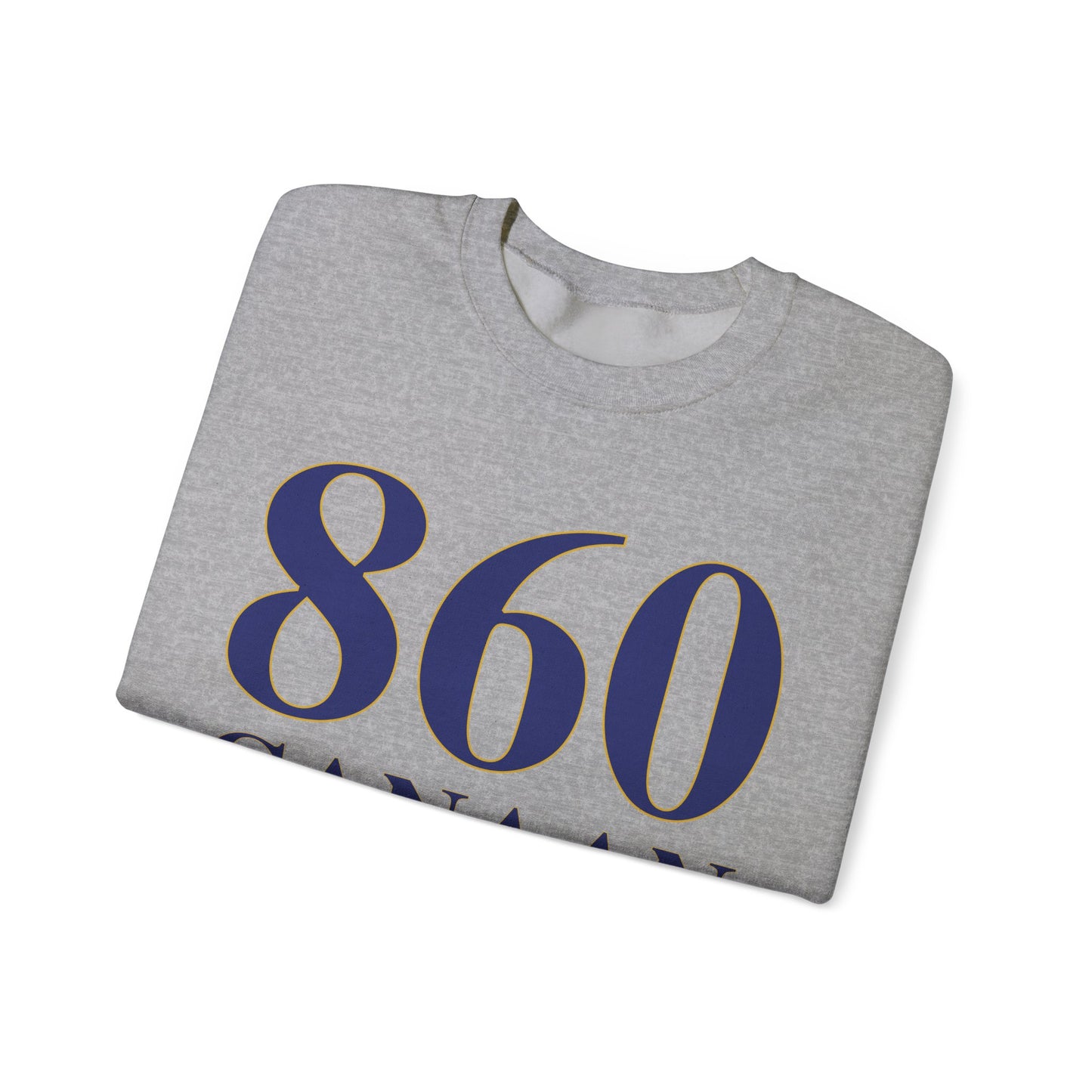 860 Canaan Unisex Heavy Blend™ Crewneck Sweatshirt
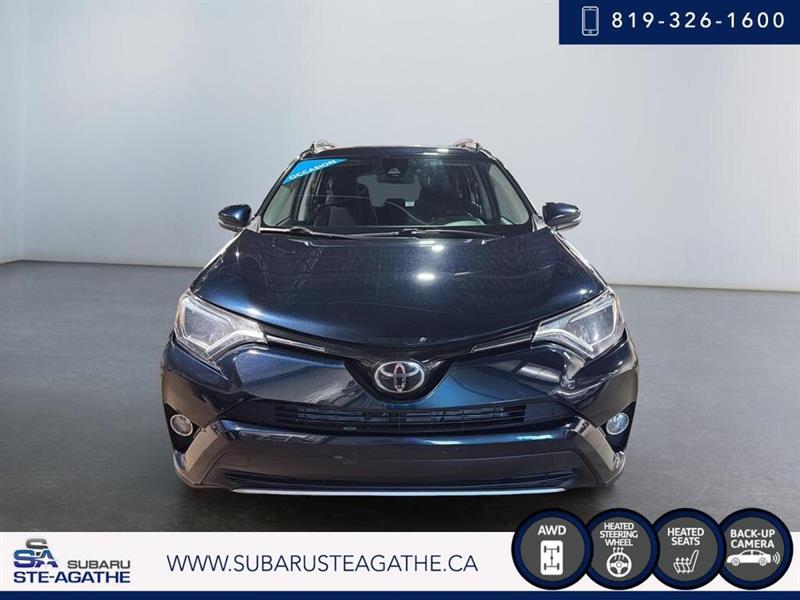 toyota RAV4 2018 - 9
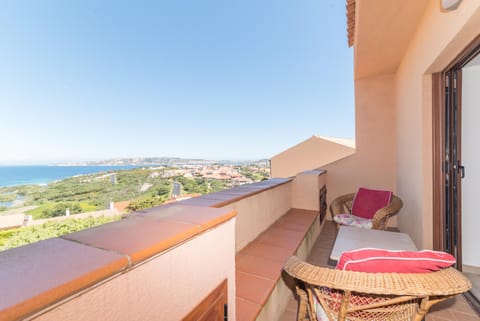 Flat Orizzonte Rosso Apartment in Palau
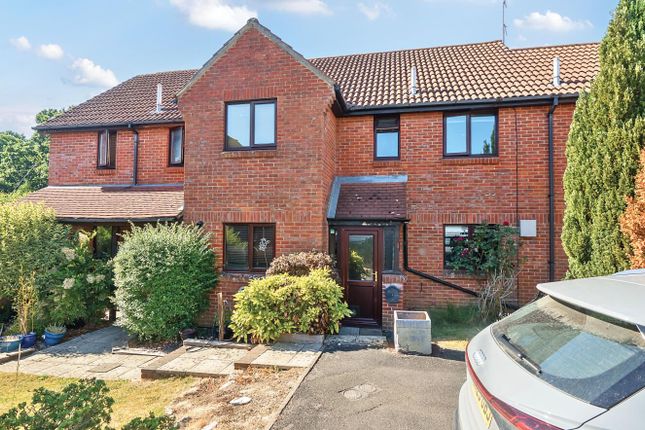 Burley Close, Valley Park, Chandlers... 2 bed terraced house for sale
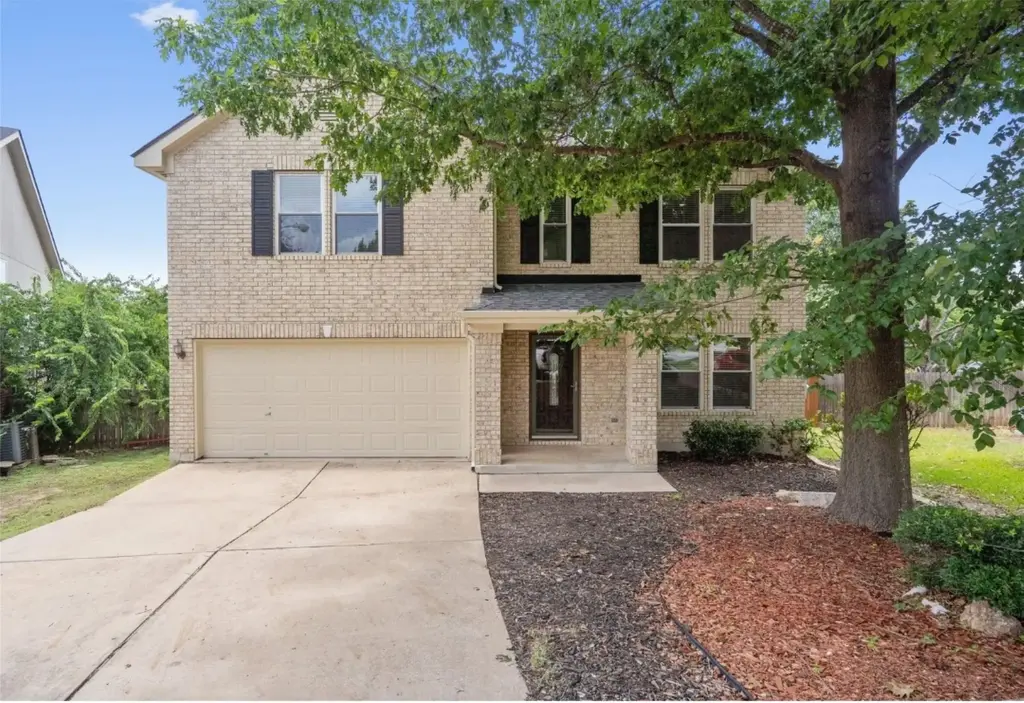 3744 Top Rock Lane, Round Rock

==

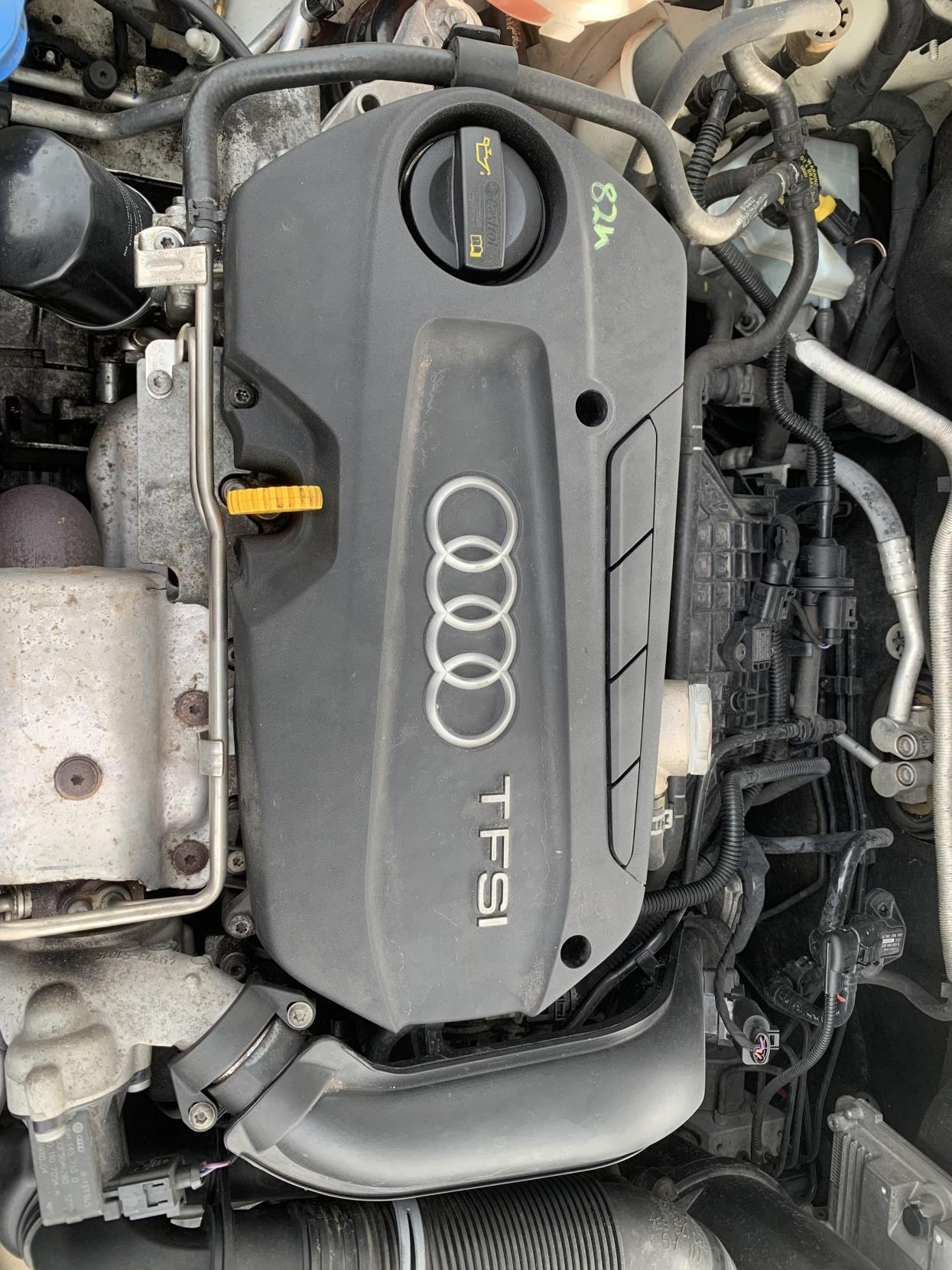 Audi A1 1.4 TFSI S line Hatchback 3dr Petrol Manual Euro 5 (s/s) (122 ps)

--

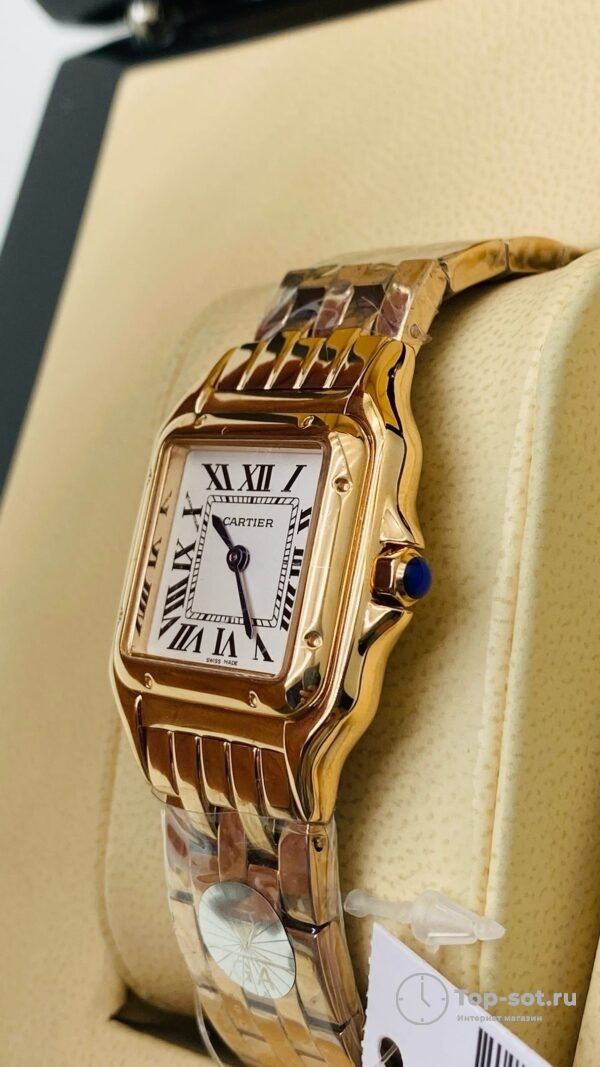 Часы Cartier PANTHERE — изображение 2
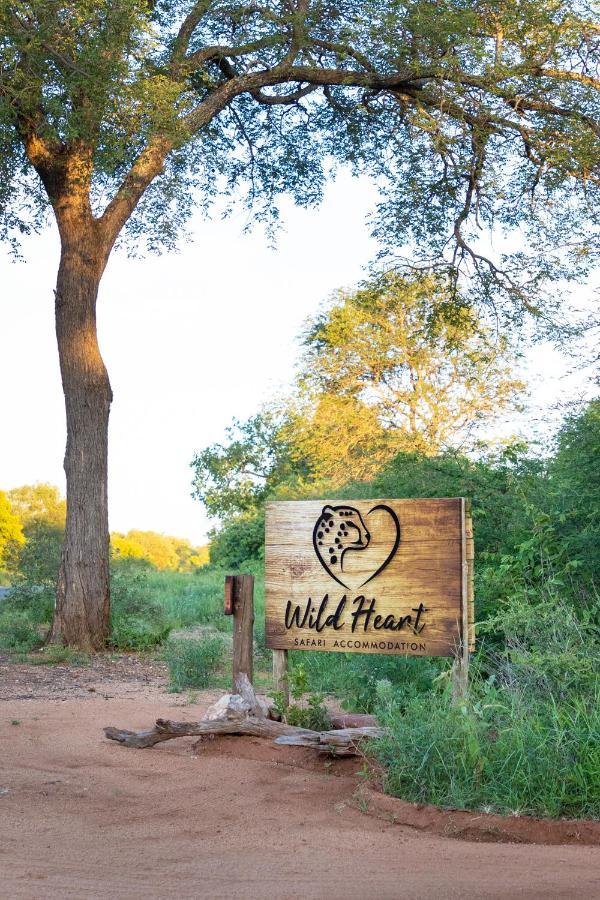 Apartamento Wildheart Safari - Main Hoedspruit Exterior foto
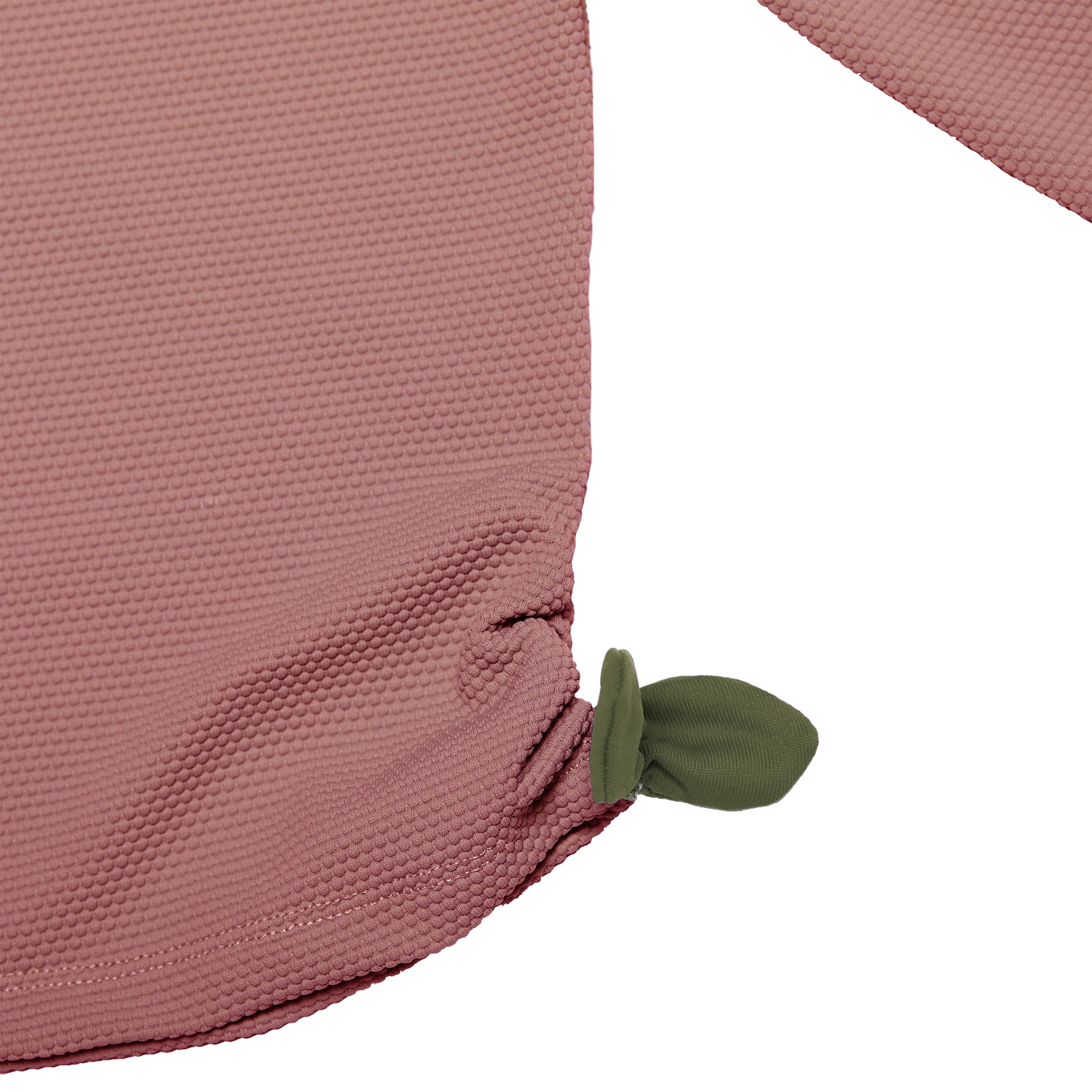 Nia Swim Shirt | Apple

Exercise brief.
Give exactly the lines above that run from the line with "Часы Cartier PANTHERE — изображение 2" to the line with "Nia Swim Shirt | Apple", both included, leaving every picture out.

Answer for the task.
 Часы Cartier PANTHERE — изображение 2
 Apartamento Wildheart Safari - Main Hoedspruit Exterior foto
 Nia Swim Shirt | Apple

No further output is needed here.